At 11.15am on Saturday 10 March 1582, Edward ‘Talbot’ reappeared at Dee’s door. The evening before, he and Mr Clerkson had stayed to dinner. Joined by Jane, Dee’s wife now of four years, Kelley had the first opportunity to study at close quarters the woman who was to become an object of obsessive interest in years to come.
Their conversation turned to Barnabas Saul. Barnabas, a former priest, had been part of Dee’s household for at least five months, but had disappeared the previous day, just as Mr Clerkson had come to Mortlake to introduce Kelley to Dee.

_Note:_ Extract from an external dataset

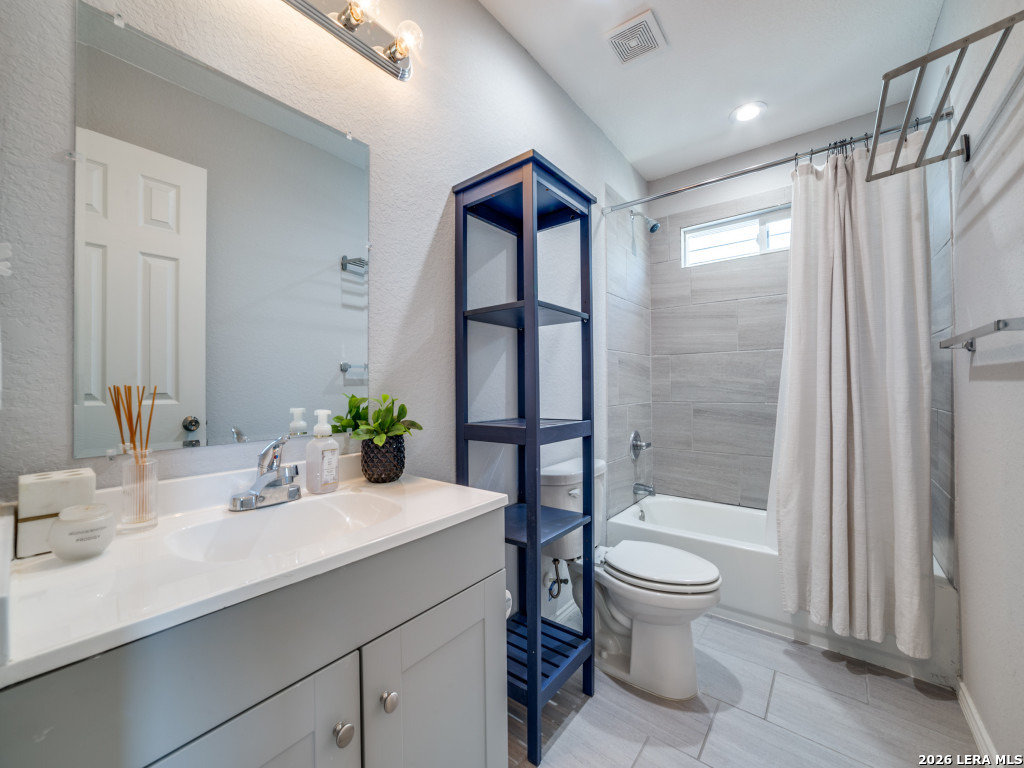 6918 Crestway Road San Antonio, TX 78239 - Photo 13 of 24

Now the reason for his disappearance became clear. These two knew Saul, and that he was not to be trusted. He had been telling tales about Dee behind his back, Kelley and Clerkson chimed; and he had ‘cosened’ (duped or deceived) his master. For Dee, such revelations were unwelcome but probably not that surprising. For Saul had a particularly sensitive role in his household. He had been Dee’s skryer.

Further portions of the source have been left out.